In a couple weeks, when the weather warms up a bit more, I can start taking them outside to ‘range’ and hunt and peck.  And then they’re going to need a roosting house and a big fenced-in run.  That I’ll need to build.  And I don’t build things.

This should get interesting…





N.T. Wright quote

26 01 2007

“Part of the problem, particularly in the United States, is that cultures become so polarized that it is often assumed that if you tick one box you’re going to tick a dozen other boxes down the same side of the page – without realising that the page itself is highly arbitrary and culture-bound. We have to claim the freedom, in Christ and in our various cultures, to name and call issues one by one with wisdom and clarity, without assuming that a decision on one point commits us to a decision on others. I suspect, in fact, that part of the presenting problem which has generated CBE is precisely the assumption among many American evangelicals that you have to buy an entire package or you’re being disloyal, and that you exist because you want to say that on this issue, and perhaps on many others too (gun control? Iraq?), the standard hard right line has allowed itself to be conned into a sub-Christian or even unChristian stance.”

Taken from THIS lecture. 





lookee what I got

25 01 2007

My wife told me that my dad had called and said he had something that a great uncle had wanted passed on to me when I was old enough.  I drove over to his house and was greeted by this:

   

Evidently, it was shot ‘back in the winter of 1955.’  As the story goes, the bobcat had been breaking into the henhouse and making off with chickens, so my great uncle sat in there one night and waited for it to show up.  The obvious result of that meeting is now skinned, mounted, and laying on my living room floor. 

As I was driving home, I was struck by a peculiar realization:  I am apart of a family and area where animal skins are passed down from one generation to the next. On one hand, I find it all strangely cool.  But on the other hand…

didn’t this type of thing end like 4,000 years ago?

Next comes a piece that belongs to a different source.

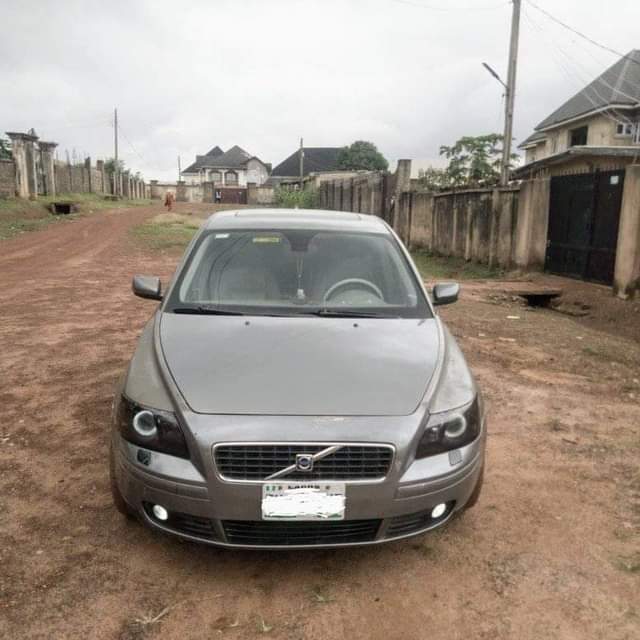 A picture of 2005 Volvo S40 2.4i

fire up the generator, honey…it’s Thursday night!

14 12 2006

A couple that we’re good friends with don’t have cable, but are fellow fans of The Office (originally the British version, then begrudgingly the American one).  They usually come over to our house on Thursday evenings to watch it.  Tonight was a one-hour Christmas special, and our friends were having dinner at her parent’s house and were just going to stay and watch it there.  Her parents own and operate a pear orchard and live next to said orchard.  Their house lies probably a mile (as the crow flies) from the main highway that runs through the area.  

A half hour before The Office started, we got a phone call from said friends asking if we had a spare video tape.  Evidently, due to some extravegant snowfall today, the power went out at her parents house.  They had cook dinner over a gas range in their garage and were currently eating dinner by the light of a couple candles.  They were hoping to get her parent’s generator up and running so they could watch the show, but just in case they couldn’t, could we record it for them. 

 Starting a generator so as not to miss your favorite show in the middle of a winter storm warning.

Just another small glimpse of life in rural America.





(traffic light correction)

29 11 2006

In this post I mentioned that my town had only one traffic light, a statement which now requires correction.

This morning, as I was driving with a friend to go have breakfast, we stopped at the previously mentioned 3-way intersection.  I happened to look up and see a flashing red light above said intersection.

“There’s a traffic light here?  How long’s it been here?!”

“I don’t know.”

“Did they put it in when they installed the stop sign?  It hasn’t been here the whole time, has it?”

“I don’t know.  I don’t think so.”

So, just for the record, there are officially two traffic lights in my town.